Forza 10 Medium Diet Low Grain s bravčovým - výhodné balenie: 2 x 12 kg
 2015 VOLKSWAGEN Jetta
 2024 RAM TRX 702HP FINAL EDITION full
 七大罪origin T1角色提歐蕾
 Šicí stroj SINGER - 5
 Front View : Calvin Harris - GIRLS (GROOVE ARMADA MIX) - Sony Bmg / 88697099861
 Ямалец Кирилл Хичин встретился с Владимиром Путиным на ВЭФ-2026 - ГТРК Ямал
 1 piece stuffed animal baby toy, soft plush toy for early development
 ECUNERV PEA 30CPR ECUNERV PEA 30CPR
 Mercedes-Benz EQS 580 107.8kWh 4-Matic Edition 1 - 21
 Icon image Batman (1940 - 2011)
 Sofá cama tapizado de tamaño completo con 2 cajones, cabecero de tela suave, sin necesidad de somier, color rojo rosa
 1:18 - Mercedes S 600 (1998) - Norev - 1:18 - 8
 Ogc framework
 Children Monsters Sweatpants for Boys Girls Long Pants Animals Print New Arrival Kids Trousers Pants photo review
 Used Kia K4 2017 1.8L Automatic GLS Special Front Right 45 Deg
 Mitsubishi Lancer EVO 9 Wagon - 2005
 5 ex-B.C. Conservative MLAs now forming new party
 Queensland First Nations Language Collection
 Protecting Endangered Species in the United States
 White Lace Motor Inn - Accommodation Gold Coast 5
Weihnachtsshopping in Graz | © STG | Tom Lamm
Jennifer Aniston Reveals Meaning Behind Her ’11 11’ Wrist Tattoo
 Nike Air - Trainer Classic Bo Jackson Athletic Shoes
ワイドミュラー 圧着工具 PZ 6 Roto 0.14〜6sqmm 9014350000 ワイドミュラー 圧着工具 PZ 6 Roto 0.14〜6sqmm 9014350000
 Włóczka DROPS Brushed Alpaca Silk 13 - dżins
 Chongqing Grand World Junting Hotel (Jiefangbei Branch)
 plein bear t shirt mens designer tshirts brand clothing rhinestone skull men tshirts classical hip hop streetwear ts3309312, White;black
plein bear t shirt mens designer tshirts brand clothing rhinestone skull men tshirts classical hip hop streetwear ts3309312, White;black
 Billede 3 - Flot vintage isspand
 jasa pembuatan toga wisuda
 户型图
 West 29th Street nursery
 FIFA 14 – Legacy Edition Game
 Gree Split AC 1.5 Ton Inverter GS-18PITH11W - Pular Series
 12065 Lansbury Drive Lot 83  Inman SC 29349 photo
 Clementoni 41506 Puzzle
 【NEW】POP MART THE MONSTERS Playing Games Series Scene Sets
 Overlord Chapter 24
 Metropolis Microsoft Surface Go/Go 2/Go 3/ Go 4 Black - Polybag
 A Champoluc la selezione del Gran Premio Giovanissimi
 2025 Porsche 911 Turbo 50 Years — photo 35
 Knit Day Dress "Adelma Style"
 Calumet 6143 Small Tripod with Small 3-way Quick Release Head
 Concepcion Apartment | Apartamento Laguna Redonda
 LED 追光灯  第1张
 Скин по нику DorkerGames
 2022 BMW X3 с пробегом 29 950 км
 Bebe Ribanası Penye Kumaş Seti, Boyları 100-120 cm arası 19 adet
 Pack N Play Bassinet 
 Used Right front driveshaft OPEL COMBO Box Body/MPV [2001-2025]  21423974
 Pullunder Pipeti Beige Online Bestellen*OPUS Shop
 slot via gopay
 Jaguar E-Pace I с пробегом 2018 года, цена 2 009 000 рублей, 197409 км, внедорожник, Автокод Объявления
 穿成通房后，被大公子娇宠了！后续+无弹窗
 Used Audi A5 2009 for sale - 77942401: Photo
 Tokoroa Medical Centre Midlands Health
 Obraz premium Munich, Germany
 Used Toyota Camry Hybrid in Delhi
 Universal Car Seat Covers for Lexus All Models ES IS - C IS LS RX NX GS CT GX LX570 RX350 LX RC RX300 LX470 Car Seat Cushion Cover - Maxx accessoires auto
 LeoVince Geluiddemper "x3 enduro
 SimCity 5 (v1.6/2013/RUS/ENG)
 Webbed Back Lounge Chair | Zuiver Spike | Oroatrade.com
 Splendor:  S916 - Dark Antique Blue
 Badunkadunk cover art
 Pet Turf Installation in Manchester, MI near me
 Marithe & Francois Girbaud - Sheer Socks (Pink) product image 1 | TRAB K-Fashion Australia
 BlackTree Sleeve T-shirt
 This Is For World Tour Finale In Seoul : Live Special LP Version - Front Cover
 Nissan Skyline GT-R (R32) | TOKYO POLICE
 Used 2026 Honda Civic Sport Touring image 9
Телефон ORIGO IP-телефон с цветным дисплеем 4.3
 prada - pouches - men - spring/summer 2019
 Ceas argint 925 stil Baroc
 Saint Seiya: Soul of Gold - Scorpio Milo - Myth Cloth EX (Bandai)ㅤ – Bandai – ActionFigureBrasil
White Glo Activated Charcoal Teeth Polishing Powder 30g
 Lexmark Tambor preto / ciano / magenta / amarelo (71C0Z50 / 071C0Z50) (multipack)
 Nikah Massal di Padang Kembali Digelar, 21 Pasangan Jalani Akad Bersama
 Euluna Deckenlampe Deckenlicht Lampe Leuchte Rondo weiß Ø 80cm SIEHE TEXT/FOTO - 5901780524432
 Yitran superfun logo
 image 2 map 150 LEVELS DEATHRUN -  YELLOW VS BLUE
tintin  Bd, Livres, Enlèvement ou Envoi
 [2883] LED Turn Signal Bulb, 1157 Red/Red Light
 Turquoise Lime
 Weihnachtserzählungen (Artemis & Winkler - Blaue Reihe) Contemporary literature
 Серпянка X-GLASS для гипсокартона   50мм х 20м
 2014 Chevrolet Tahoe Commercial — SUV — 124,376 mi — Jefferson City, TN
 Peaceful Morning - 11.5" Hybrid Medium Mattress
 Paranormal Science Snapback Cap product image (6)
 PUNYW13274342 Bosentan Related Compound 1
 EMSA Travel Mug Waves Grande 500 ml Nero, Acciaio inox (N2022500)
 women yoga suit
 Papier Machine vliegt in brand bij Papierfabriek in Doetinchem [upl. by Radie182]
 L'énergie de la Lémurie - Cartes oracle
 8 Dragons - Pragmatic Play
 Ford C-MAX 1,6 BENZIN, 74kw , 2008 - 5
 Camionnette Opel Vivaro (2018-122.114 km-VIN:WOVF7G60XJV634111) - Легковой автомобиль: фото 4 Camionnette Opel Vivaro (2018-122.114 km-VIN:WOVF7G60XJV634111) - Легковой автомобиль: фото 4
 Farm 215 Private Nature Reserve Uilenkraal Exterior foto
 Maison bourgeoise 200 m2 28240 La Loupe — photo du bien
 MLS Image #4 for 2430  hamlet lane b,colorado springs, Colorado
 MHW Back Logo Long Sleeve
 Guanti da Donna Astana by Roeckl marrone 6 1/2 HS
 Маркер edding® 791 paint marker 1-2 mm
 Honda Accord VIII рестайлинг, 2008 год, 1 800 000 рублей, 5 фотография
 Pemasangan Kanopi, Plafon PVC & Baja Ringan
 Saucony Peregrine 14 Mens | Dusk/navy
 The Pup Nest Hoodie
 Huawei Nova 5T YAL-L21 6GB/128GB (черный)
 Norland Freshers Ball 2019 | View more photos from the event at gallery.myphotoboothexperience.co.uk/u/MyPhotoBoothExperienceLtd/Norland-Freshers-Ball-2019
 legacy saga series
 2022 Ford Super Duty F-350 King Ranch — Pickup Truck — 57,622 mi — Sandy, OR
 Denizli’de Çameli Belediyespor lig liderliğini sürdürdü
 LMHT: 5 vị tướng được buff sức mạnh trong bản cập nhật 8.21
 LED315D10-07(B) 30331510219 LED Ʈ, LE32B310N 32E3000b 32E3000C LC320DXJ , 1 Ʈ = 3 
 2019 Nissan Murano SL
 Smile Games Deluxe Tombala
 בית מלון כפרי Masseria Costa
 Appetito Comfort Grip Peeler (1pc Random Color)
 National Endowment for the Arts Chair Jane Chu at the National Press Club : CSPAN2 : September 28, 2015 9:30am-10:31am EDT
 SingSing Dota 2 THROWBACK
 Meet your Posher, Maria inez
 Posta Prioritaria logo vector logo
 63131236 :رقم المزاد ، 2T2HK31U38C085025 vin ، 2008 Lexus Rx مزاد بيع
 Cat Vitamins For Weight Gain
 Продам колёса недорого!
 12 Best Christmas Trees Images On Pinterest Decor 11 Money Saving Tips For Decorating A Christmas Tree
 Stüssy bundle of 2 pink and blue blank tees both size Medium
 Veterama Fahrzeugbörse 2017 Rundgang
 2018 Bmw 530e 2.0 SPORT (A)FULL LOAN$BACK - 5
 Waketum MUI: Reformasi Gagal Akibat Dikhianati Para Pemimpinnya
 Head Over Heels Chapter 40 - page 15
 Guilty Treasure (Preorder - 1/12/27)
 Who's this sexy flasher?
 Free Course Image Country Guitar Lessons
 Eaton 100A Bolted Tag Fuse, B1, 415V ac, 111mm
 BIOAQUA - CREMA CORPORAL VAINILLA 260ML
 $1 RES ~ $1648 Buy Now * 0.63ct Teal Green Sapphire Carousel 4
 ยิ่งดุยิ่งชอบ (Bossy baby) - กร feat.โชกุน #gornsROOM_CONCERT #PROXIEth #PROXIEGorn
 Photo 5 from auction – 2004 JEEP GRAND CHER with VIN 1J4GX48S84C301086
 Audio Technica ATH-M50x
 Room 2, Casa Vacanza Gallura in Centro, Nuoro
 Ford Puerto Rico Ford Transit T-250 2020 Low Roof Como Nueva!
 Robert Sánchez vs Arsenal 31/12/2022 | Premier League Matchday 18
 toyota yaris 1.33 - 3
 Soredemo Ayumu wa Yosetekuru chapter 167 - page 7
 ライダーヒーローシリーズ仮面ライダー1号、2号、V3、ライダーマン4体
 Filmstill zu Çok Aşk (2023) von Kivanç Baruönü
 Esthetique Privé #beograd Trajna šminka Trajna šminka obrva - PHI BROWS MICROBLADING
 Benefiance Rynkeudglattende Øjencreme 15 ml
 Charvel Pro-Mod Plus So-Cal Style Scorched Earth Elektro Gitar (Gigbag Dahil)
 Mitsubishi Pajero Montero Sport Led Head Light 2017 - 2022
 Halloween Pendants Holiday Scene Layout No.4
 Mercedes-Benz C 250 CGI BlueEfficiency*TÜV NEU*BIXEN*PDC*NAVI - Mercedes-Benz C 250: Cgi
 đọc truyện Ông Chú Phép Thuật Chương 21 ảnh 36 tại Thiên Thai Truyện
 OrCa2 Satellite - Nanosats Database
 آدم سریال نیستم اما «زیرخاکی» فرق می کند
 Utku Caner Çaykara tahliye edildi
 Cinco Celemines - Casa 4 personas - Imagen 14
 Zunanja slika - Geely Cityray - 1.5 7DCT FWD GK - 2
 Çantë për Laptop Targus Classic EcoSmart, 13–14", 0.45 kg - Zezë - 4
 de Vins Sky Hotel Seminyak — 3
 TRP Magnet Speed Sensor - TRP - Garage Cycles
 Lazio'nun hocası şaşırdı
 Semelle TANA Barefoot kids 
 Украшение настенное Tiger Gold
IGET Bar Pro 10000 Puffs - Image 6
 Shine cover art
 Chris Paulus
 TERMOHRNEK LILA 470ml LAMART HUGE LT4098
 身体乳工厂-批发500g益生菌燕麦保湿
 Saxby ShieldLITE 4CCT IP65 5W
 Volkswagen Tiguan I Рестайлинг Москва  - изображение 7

- [Your goal] Copy the lines of the data above exactly as written, beginning with the line containing "2019 Nissan Murano SL" and ending with the line containing "Veterama Fahrzeugbörse 2017 Rundgang", and leave out all other lines.

- [Written answer]
 2019 Nissan Murano SL
 Smile Games Deluxe Tombala
 בית מלון כפרי Masseria Costa
 Appetito Comfort Grip Peeler (1pc Random Color)
 National Endowment for the Arts Chair Jane Chu at the National Press Club : CSPAN2 : September 28, 2015 9:30am-10:31am EDT
 SingSing Dota 2 THROWBACK
 Meet your Posher, Maria inez
 Posta Prioritaria logo vector logo
 63131236 :رقم المزاد ، 2T2HK31U38C085025 vin ، 2008 Lexus Rx مزاد بيع
 Cat Vitamins For Weight Gain
 Продам колёса недорого!
 12 Best Christmas Trees Images On Pinterest Decor 11 Money Saving Tips For Decorating A Christmas Tree
 Stüssy bundle of 2 pink and blue blank tees both size Medium
 Veterama Fahrzeugbörse 2017 Rundgang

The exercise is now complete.